長野市が、昨年10月の台風19号で被災した後に持病が悪化したなどとして、少なくとも2人を災害関連死と認定したことが15日、分かった。台風19号の災害関連死は今年3月、飯山市内の70代男性が県内で初めて認定されており、2人は千曲川堤防の決壊などで甚大な被害が出た長野市では初となる。この他、上高井郡小布施町にも災害関連死の疑いがあるとして複数の遺族らから相談が寄せられていることが分かった。
関係者によると、長野市の2人はともに決壊した千曲川堤防がある長沼地区の70代男性と80代女性。70代男性は被災した自宅の2階で暮らしていたが、持病の悪化で被災から約1カ月後に亡くなった。

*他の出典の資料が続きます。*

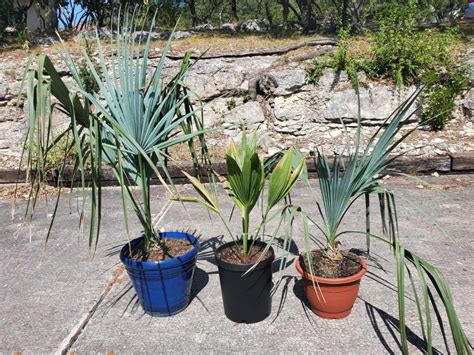 Sabal Uresana Growth Rate Cold Hardy Palms Palmtalk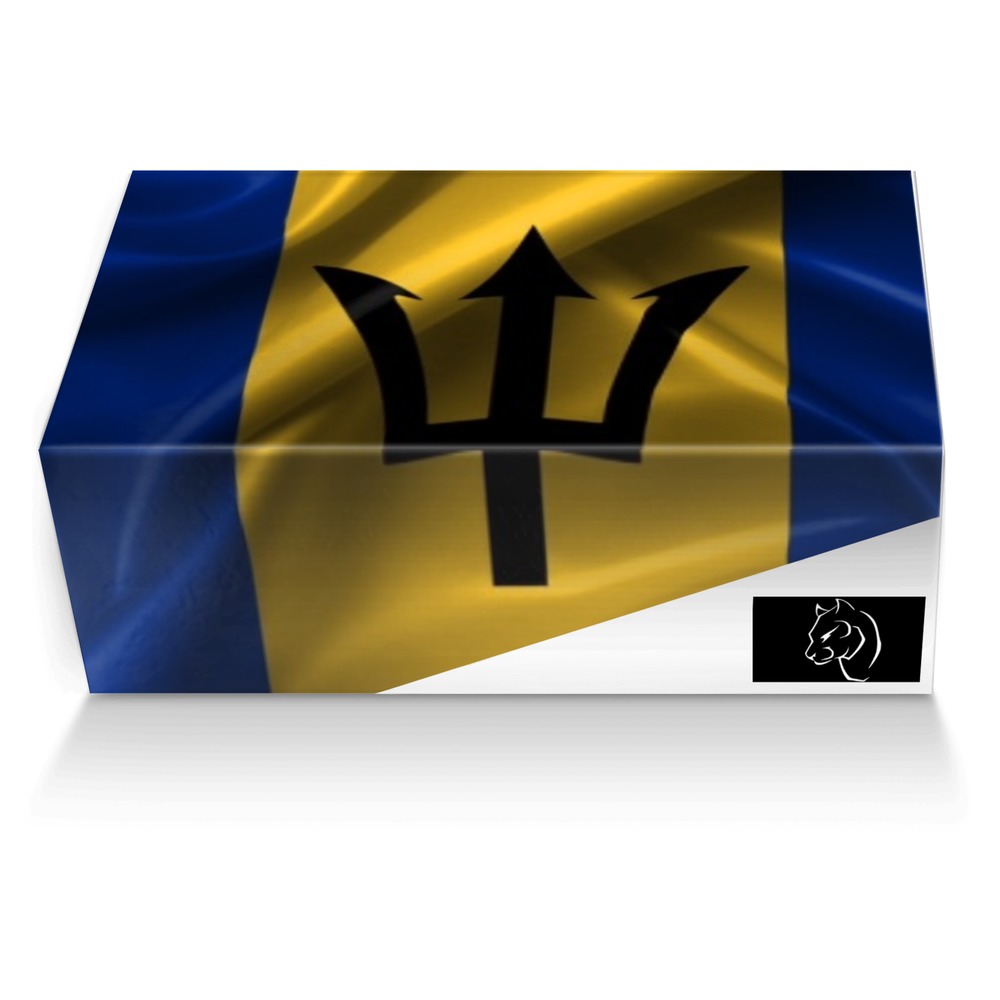 The Bridgetown custom made shoe box The Bridgetown artisan made in Italy shoes by Shane Carter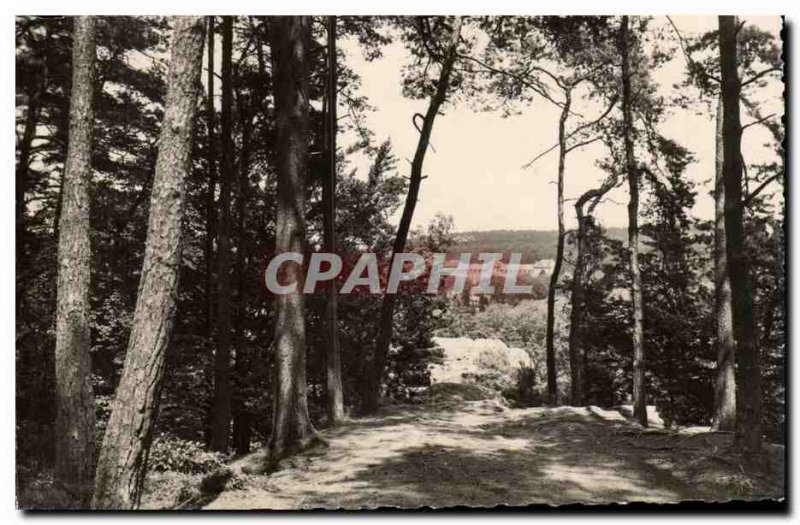 Cars of & # 39Orne Modern Postcard View from dog rock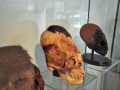 paracas-history-museum-014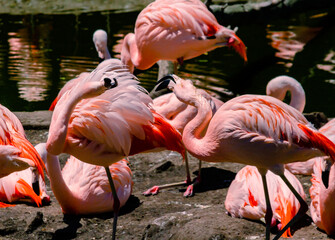 Group of Chilean flamingos, Phoenicopterus chilensis, in a pond for these birds in a property or center of marine fauna.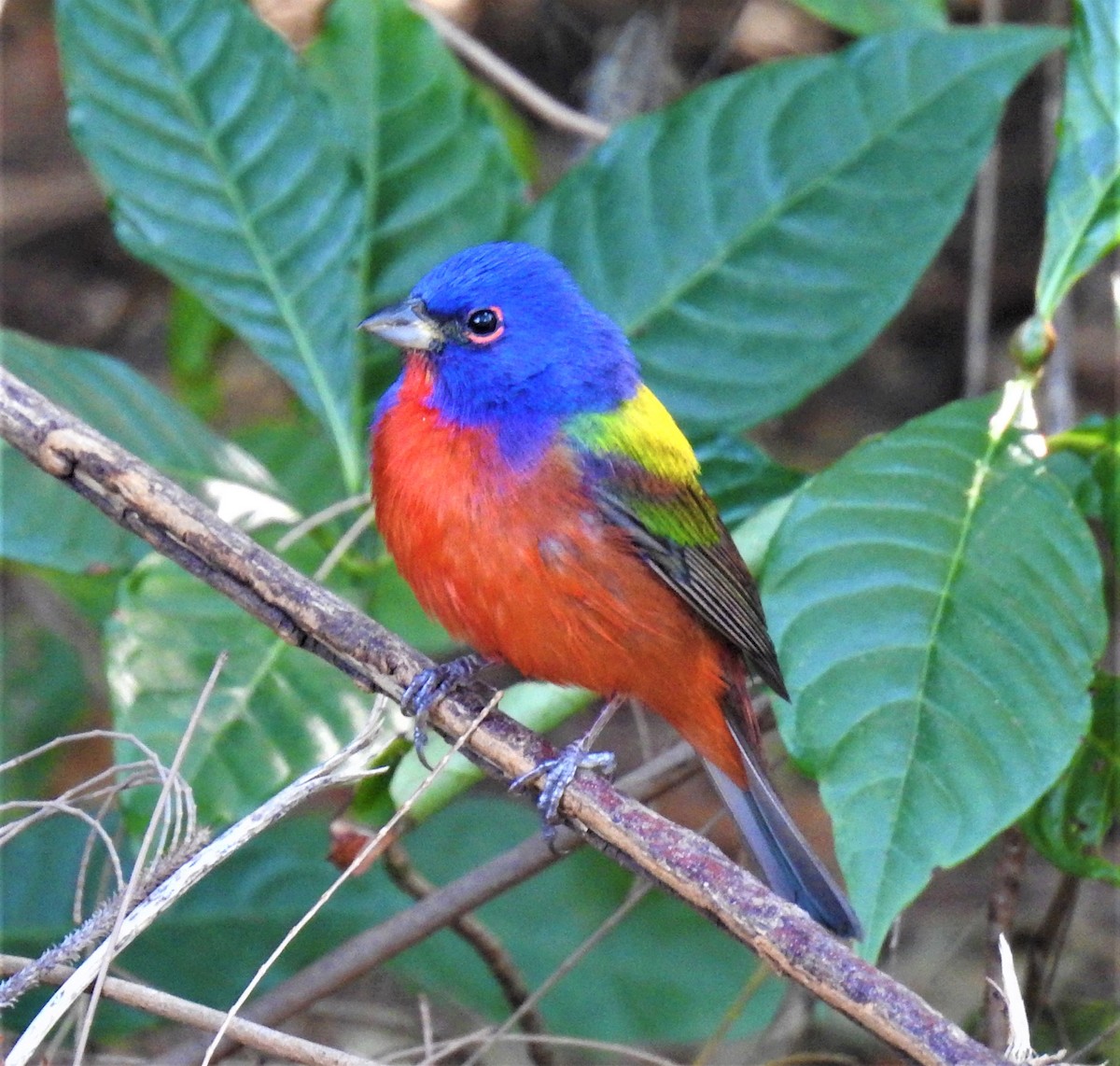 Painted Bunting - david gabay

80代女性は入所先の施設で被災、避難していた病院や別の施設で慣れない生活を送り、約1カ月後に亡くなった。
長野市にはこれまで、災害関連死の疑いがあるとして遺族らから複数の相談が寄せられていた。市は今年3月、医師や弁護士ら5人でつくる審査会の会合を初開催。災害で生活や医療、介護の環境の激変に伴い、死因となった病気が発生、悪化するなど災害との「相当因果関係」が認められた場合に災害関連死と認定すると決めた。今月、2人の遺族から提出された死亡診断書や生前の体調の変化などを聞き取り、台風19号災害が影響したと認定した。
市福祉政策課は15日、「現時点で公表できることはない」とした。これまでの取材には、遺族の意向を確認した上で公表する方針を示していた。遺族の1人は「あの災害がなければ亡くなることもなかった。もう二度と同じようなことが起きないようしっかり検証してほしい」と話した。
小布施町には、台風19号が影響した災害関連死の相談が昨年12月〜今年1月に寄せられ、町は3月、認定のための審査会を開催。担当者は「現在審査中。遅くとも年内に結論を出したい」としている。